Caros leitores,
O texto de hoje é de autoria de J.Tucón.
"Eu tenho um sonho..." Martin Luther King Jr.
Estava eu a bebericar meu café na padaria do bairro quando um tipo se aproximou da minha mesa e me disse ansioso:
- Poderia falar um pouco com o senhor?
- Claro! - respondi - Sente-se, por favor.
Aí comecei a reparar nele. Tratava-se de um homem aparentando estar na faixa dos setenta anos, elegantemente trajado, elegante demais para aquele lugar.
- Bem, primeiro vou me apresentar. Chamo-me Emmanuel K. Jr.
- Muito prazer, sou J.Tucón.
- Desculpe-me interromper o seu café desta maneira, mas ocorre que estou muito ansioso.
- E por que está assim?
- Por causa de um sonho que tive.
- Então nada lhe resta a não ser relatá-lo.
- Posso começar?
- Claro! Vá em frente!
- Bem, tudo começou quando eu e minha esposa, Sandra H.K. resolvemos passar alguns dias nos Estados Unidos. Compramos um par de passagens de ida e volta, isto faz uns seis meses.
- Desculpe-me interromper: compraram de fato?
- Sim.
- Prossiga, por favor.
- Nós moramos aqui em Curitiba. Daí que temos que nos deslocar até São Paulo para pegar o avião até Dallas.
- E?
- E daí que temos opiniões diferentes de como ir a São Paulo: ela quer ir de avião e eu de ônibus.
- Chegaram a um acordo?
- Sim, compramos as passagens de avião para São Paulo.
- Bem, e o sonho?
- Bem, é aí que tudo começa. No sonho já estamos a bordo aqui em Curitiba, com o avião pronto para partir quando surge um funcionário da companhia que expõe aos passageiros que foi vendida uma passagem a mais de última hora e que um dos passageiros terá que desembarcar. Pediu que alguém se apresentasse de forma voluntária.
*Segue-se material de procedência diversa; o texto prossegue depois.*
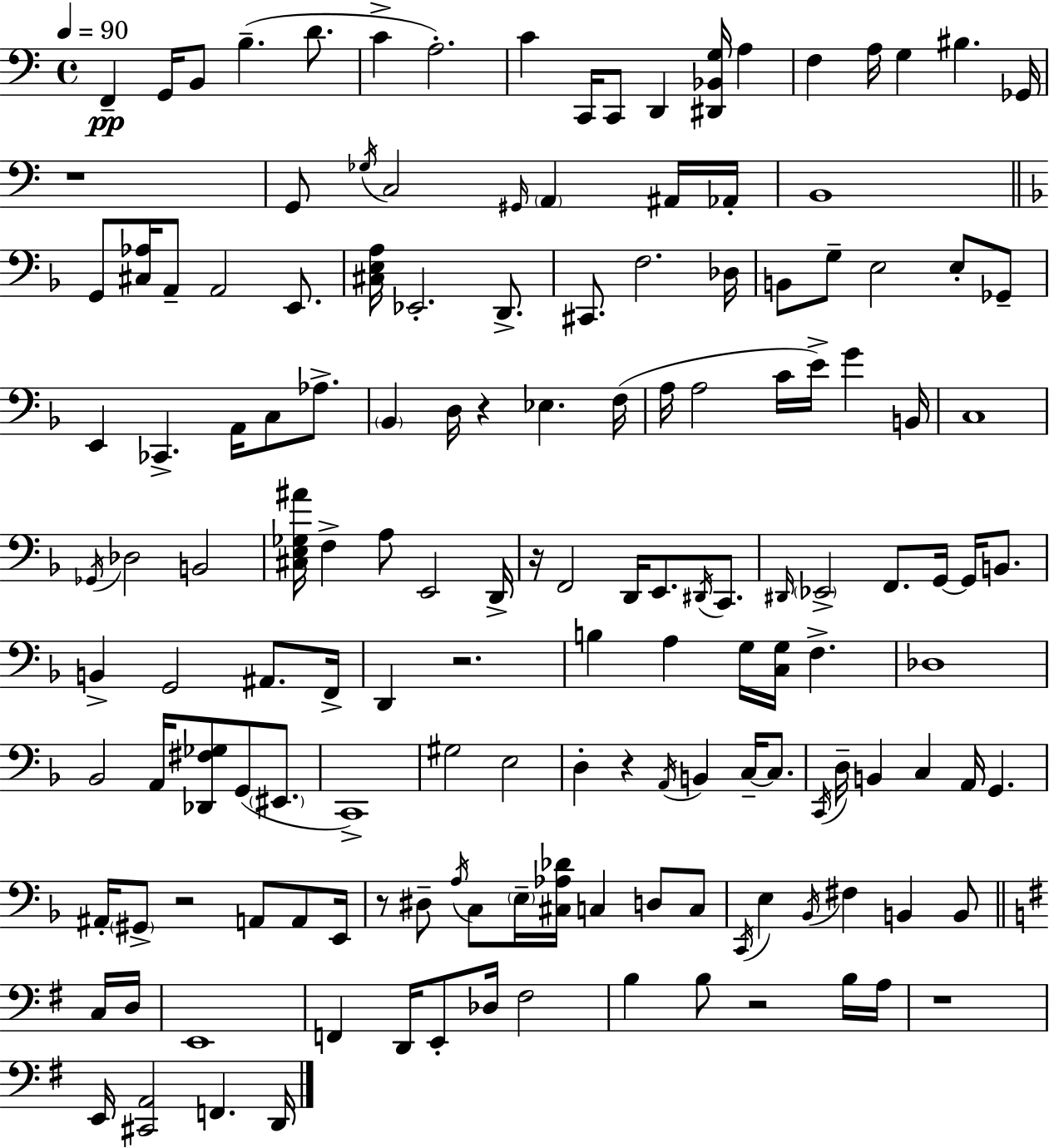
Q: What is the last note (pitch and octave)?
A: D2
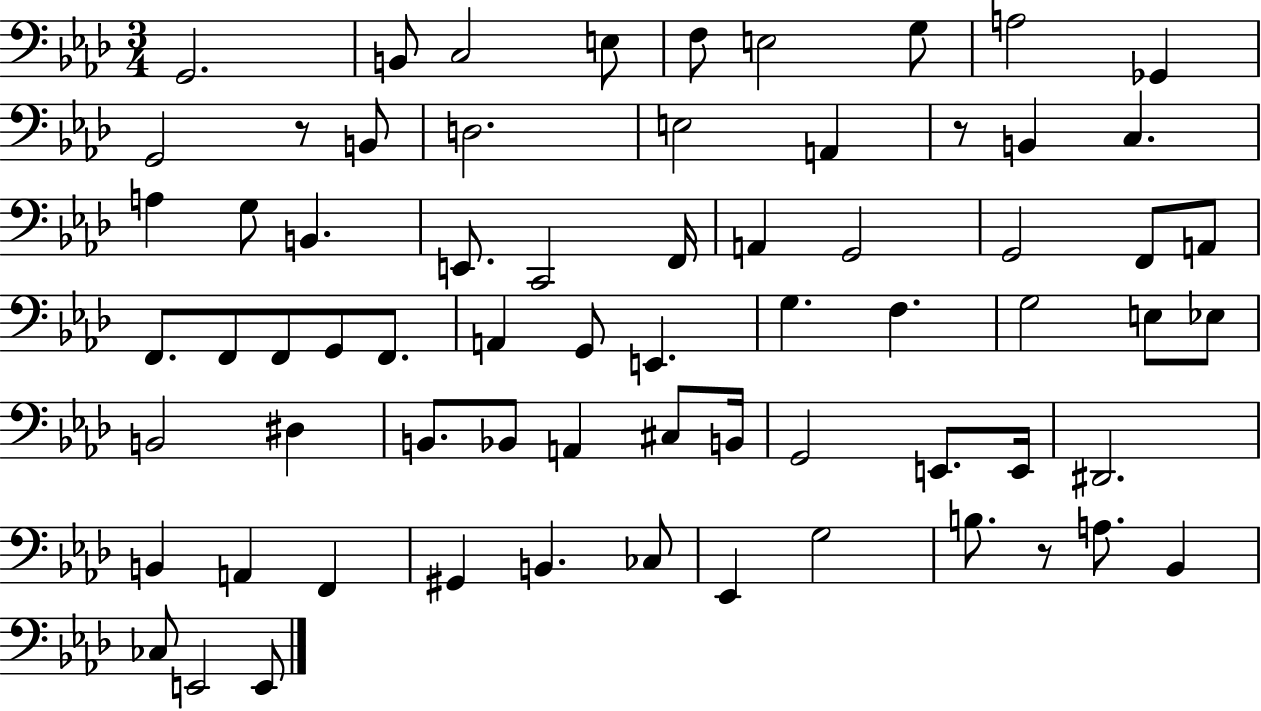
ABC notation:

X:1
T:Untitled
M:3/4
L:1/4
K:Ab
G,,2 B,,/2 C,2 E,/2 F,/2 E,2 G,/2 A,2 _G,, G,,2 z/2 B,,/2 D,2 E,2 A,, z/2 B,, C, A, G,/2 B,, E,,/2 C,,2 F,,/4 A,, G,,2 G,,2 F,,/2 A,,/2 F,,/2 F,,/2 F,,/2 G,,/2 F,,/2 A,, G,,/2 E,, G, F, G,2 E,/2 _E,/2 B,,2 ^D, B,,/2 _B,,/2 A,, ^C,/2 B,,/4 G,,2 E,,/2 E,,/4 ^D,,2 B,, A,, F,, ^G,, B,, _C,/2 _E,, G,2 B,/2 z/2 A,/2 _B,, _C,/2 E,,2 E,,/2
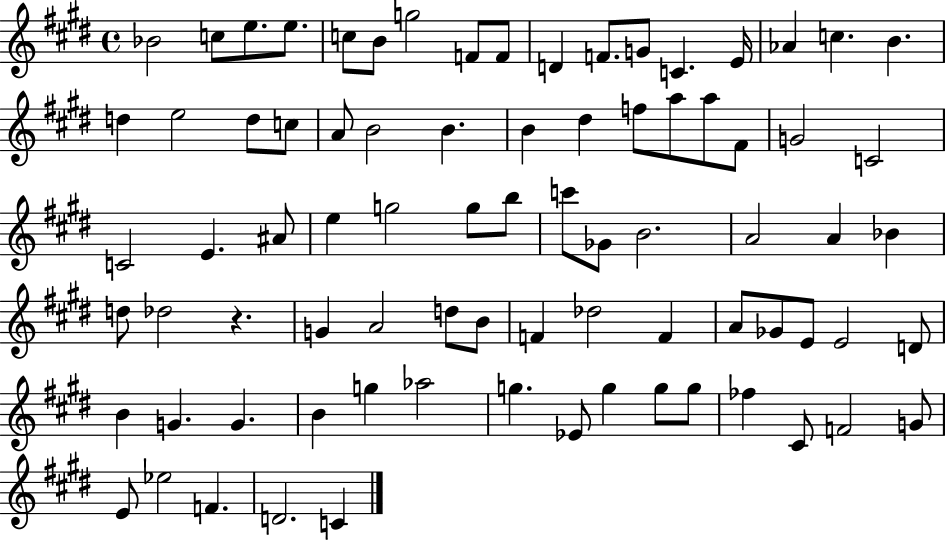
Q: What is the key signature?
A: E major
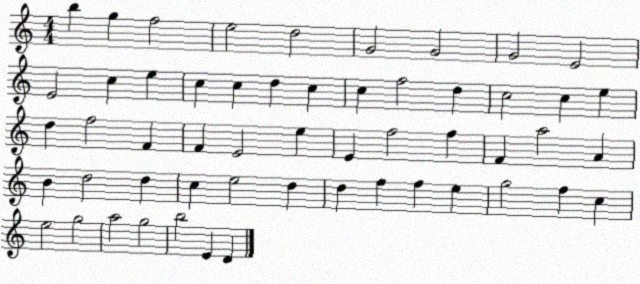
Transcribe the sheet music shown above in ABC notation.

X:1
T:Untitled
M:4/4
L:1/4
K:C
b g f2 e2 d2 G2 G2 G2 E2 E2 c e c c d c c f2 d c2 c e d f2 F F E2 e E f2 f F a2 A B d2 d c e2 d d f f e g2 f c e2 g2 a2 g2 b2 E D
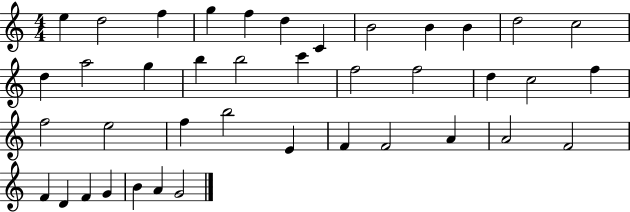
E5/q D5/h F5/q G5/q F5/q D5/q C4/q B4/h B4/q B4/q D5/h C5/h D5/q A5/h G5/q B5/q B5/h C6/q F5/h F5/h D5/q C5/h F5/q F5/h E5/h F5/q B5/h E4/q F4/q F4/h A4/q A4/h F4/h F4/q D4/q F4/q G4/q B4/q A4/q G4/h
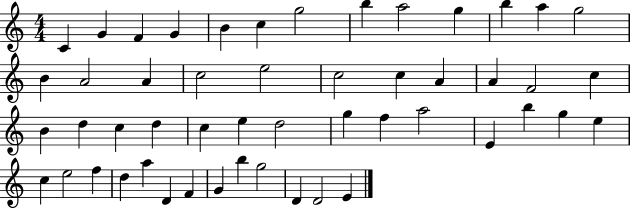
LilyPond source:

{
  \clef treble
  \numericTimeSignature
  \time 4/4
  \key c \major
  c'4 g'4 f'4 g'4 | b'4 c''4 g''2 | b''4 a''2 g''4 | b''4 a''4 g''2 | \break b'4 a'2 a'4 | c''2 e''2 | c''2 c''4 a'4 | a'4 f'2 c''4 | \break b'4 d''4 c''4 d''4 | c''4 e''4 d''2 | g''4 f''4 a''2 | e'4 b''4 g''4 e''4 | \break c''4 e''2 f''4 | d''4 a''4 d'4 f'4 | g'4 b''4 g''2 | d'4 d'2 e'4 | \break \bar "|."
}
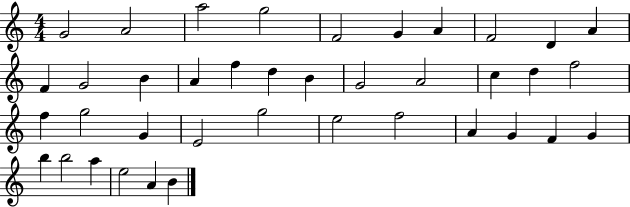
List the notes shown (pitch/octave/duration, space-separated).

G4/h A4/h A5/h G5/h F4/h G4/q A4/q F4/h D4/q A4/q F4/q G4/h B4/q A4/q F5/q D5/q B4/q G4/h A4/h C5/q D5/q F5/h F5/q G5/h G4/q E4/h G5/h E5/h F5/h A4/q G4/q F4/q G4/q B5/q B5/h A5/q E5/h A4/q B4/q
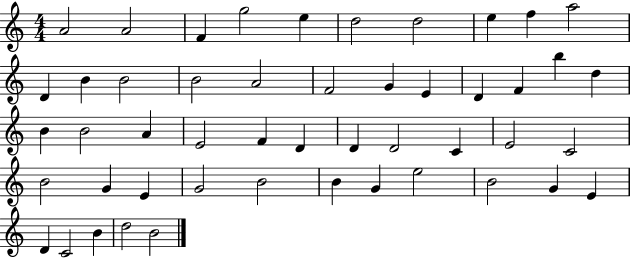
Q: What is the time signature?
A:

O silêncio tomou conta da cabine.
Talvez tenham passado uns dois minutos.
Não podendo se conter, o funcionário disse que a companhia escolheria algum idoso que estivesse viajando sozinho e que essa pessoa teria que desembarcar e que lhe seriam dados hotel, restaurante e uma nova passagem.
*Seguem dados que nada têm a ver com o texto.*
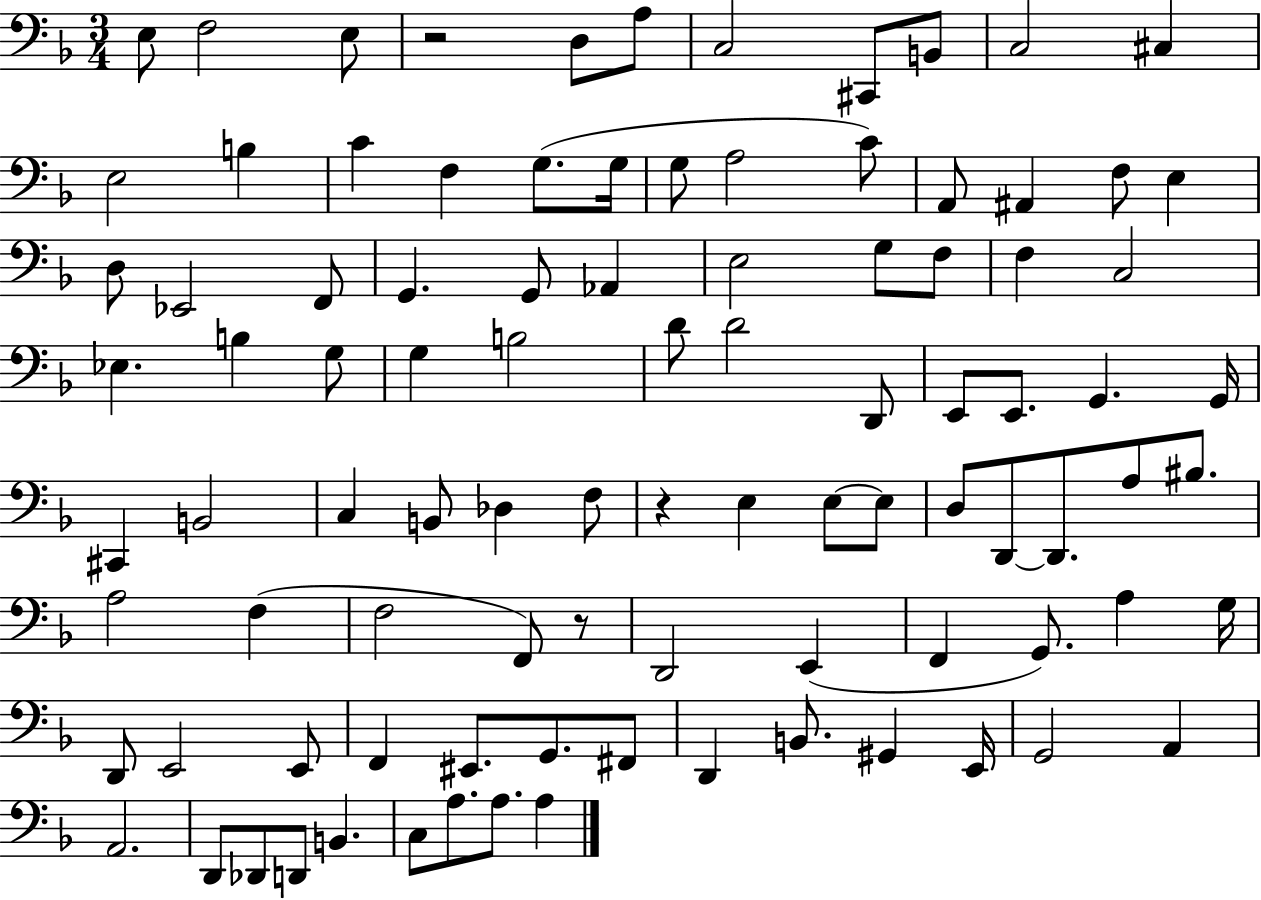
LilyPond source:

{
  \clef bass
  \numericTimeSignature
  \time 3/4
  \key f \major
  \repeat volta 2 { e8 f2 e8 | r2 d8 a8 | c2 cis,8 b,8 | c2 cis4 | \break e2 b4 | c'4 f4 g8.( g16 | g8 a2 c'8) | a,8 ais,4 f8 e4 | \break d8 ees,2 f,8 | g,4. g,8 aes,4 | e2 g8 f8 | f4 c2 | \break ees4. b4 g8 | g4 b2 | d'8 d'2 d,8 | e,8 e,8. g,4. g,16 | \break cis,4 b,2 | c4 b,8 des4 f8 | r4 e4 e8~~ e8 | d8 d,8~~ d,8. a8 bis8. | \break a2 f4( | f2 f,8) r8 | d,2 e,4( | f,4 g,8.) a4 g16 | \break d,8 e,2 e,8 | f,4 eis,8. g,8. fis,8 | d,4 b,8. gis,4 e,16 | g,2 a,4 | \break a,2. | d,8 des,8 d,8 b,4. | c8 a8. a8. a4 | } \bar "|."
}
A cabine permaneceu em silêncio.
- A questão é: por que dar preferência a um passageiro de última hora?
- Não sei dizer, Sr. Tucón. Sei que chamam a isso de "overbooking": vender mais lugares do que os disponíveis.
- Estelionato mudou de nome!
Prosseguindo o sonho: o funcionário leu o nome do passageiro "eleito": Emmanuel K.Jr.
Embora tivesse levado um choque, permaneci em silêncio, assim como toda a cabine.
- Emmanuel K. Jr! - disse ele novamente.
O silêncio persistiu.
E assim permaneceu.
- O sistema sabe onde o Sr. está sentado, Emmanuel. Por favor, levante-se e deixe a aeronave!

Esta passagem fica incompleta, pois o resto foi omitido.